While it is generally considered safe by global food agencies, there have been some concerns raised recently about action in the gut biome. I also probably don't need too much more industrially produced chemicals in my diet.
To replace its thickening ability, I have upped the chia seed amount in the mix. Also, when making up the mix with water, I add gram flour (wheat flour also works).
The other change I made was to swap bulgar wheat for buckwheat - that change was because of availability, as I could find buckwheat in the local supermarket! Miyoko also suggests replacing with brown rice.
Ingredients
180g buckwheat
50g walnuts
1 tablespoon garlic granules
2 tablespoons onion granules / flakes
25g nutritional yeast
35g chia seeds (or flax seeds)
1 tbsp milled chia seeds
2 tsp sea salt
1 tsp black pepper
Now, put everything into a food processor or blender and pulse until you get a sandy or gritty texture.

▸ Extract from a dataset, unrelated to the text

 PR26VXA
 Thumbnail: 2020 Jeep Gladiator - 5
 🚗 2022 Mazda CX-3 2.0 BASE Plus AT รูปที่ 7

You are not looking for a fine flour here!
This makes a good amount of mix, and you can store it in a sealed container for a long time in the fridge. These are all fairly dry ingredients anyway. BTW, once you have used it, won't stay in the fridge for long!
Making basic meatballs
Take 100g of the mix and stir in 20g of gram (or wheat) flour. Add 150ml of boiling water, stir well and leave for 20 minutes to hydrate.
Stir in a tablespoon of dried mixed herbs, and a very finely chopped small onion or shallot.
Put 10-12 blobs on a parchment lined baking sheets and roast at 200C for 10 minutes. Remove and spray with a little olive oil then roast for another 10 minutes, maybe 15 depending on the oven.
Serve with pasta and a marinara sauce - though don't stir the meatballs into the sauce first, as this softens them too much.
This same mix mix will also make tasty burger patties!
Other ingredients
Miyoko demonstrates using Mexican style spices in the mix and then frying it all in the pan, breaking it up to make crumbles that you can use in tacos.
She also showed adding chopped mushroom into the mix, though I found this makes the meatballs softer and break up easily, probably because of the extra liquid in the mushroom. I guess I will experiment with less boiling water in those!
In theory you can mix any other ingredients in there. Go to town on it and enjoy!